Canonical Storage is not generic persistent storage. It is specifically the layer for validated, promoted, immutable datasets with defined provenance. Scratch storage, intermediate processing artifacts, and unpromoted raw data are not part of Canonical Storage.
Consequences
Backtesting inputs are reproducible. Because canonical datasets are immutable and versioned, a backtest can be re-run against the exact same input data. Reproducibility depends on dataset identity, which Canonical Storage provides by construction.
Cross-stack data consistency is structural. All Stacks that need validated data reference the same canonical datasets. There is no divergence caused by Stacks holding different copies of the same logical data — the canonical layer is the single reference point.
Dataset provenance is traceable. Every canonical dataset has a defined promotion path: raw collection, normalization, validation, promotion.

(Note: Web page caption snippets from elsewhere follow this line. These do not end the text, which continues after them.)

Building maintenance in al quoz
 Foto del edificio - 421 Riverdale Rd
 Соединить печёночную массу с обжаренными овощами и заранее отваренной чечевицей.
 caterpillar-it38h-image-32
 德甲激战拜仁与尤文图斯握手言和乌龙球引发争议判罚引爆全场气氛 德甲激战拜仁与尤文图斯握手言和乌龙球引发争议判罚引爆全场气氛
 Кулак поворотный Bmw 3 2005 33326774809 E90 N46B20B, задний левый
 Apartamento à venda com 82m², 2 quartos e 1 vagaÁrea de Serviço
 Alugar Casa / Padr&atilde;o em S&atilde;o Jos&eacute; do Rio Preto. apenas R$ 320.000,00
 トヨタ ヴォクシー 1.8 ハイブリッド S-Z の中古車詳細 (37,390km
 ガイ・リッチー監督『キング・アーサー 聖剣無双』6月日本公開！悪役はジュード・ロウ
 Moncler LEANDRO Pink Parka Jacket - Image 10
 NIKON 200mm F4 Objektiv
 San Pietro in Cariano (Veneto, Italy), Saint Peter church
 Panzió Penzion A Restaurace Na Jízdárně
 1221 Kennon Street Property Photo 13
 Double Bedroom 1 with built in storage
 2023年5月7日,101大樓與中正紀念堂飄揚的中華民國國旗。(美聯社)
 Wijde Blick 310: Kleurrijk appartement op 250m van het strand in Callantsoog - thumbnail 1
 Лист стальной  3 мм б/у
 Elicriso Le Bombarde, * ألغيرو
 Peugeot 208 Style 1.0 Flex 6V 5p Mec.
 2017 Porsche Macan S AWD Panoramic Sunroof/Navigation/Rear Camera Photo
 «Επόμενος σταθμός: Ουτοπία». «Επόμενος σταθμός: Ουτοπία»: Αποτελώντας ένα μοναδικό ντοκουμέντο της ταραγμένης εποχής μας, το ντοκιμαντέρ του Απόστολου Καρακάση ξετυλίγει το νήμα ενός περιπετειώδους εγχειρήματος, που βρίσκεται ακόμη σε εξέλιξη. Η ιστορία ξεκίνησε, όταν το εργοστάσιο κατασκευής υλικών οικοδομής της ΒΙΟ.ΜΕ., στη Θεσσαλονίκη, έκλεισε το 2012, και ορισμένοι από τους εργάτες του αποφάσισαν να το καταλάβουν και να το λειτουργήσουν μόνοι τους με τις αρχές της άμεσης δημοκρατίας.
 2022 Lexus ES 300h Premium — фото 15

Derived results can be traced to the specific canonical datasets they consumed, and those datasets can be traced to their raw sources.
Stack boundaries are explicit with respect to data. Stacks produce into or consume from Canonical Storage through defined roles, not through ad hoc file sharing or implicit storage dependencies. The data contract between Stacks is mediated by the canonical layer.
Immutability constrains correction workflows. Because canonical datasets are immutable after promotion, correcting a dataset means producing a new version through the full promotion pipeline. This is more operationally involved than in-place correction — but in-place mutation is precisely the mechanism that destroys reproducibility and provenance.
Trade-offs
Canonical Storage requires promotion infrastructure. The staged promotion model (raw → normalized → validated → canonical) requires data pipelines, validation rules, and metadata management. This is infrastructure that must be built and maintained. The alternative — allowing Stacks to access unvalidated or ad hoc data directly — eliminates this infrastructure but reintroduces the duplication, inconsistency, and provenance problems the decision is designed to prevent.
Immutability increases storage volume. Dataset corrections and re-validations produce new versions rather than replacing existing ones. Over time, multiple versions of the same logical dataset accumulate. This is a storage cost, but it is also what makes it possible to determine exactly which dataset version was used for any past experiment or operation.
Summary
The System maintains Canonical Storage as the authoritative validated dataset layer. Datasets reach this layer only through staged promotion (raw → normalized → validated → canonical) and are immutable after promotion. All Stacks that consume validated data reference Canonical Storage as the single authoritative source. Canonical Storage is distinct from the Runtime Event Stream: the Event Stream governs runtime causality and State derivation; Canonical Storage governs persistent dataset authority across Stacks. This decision ensures reproducible inputs, consistent cross-stack data, traceable provenance, and explicit data boundaries between Stacks.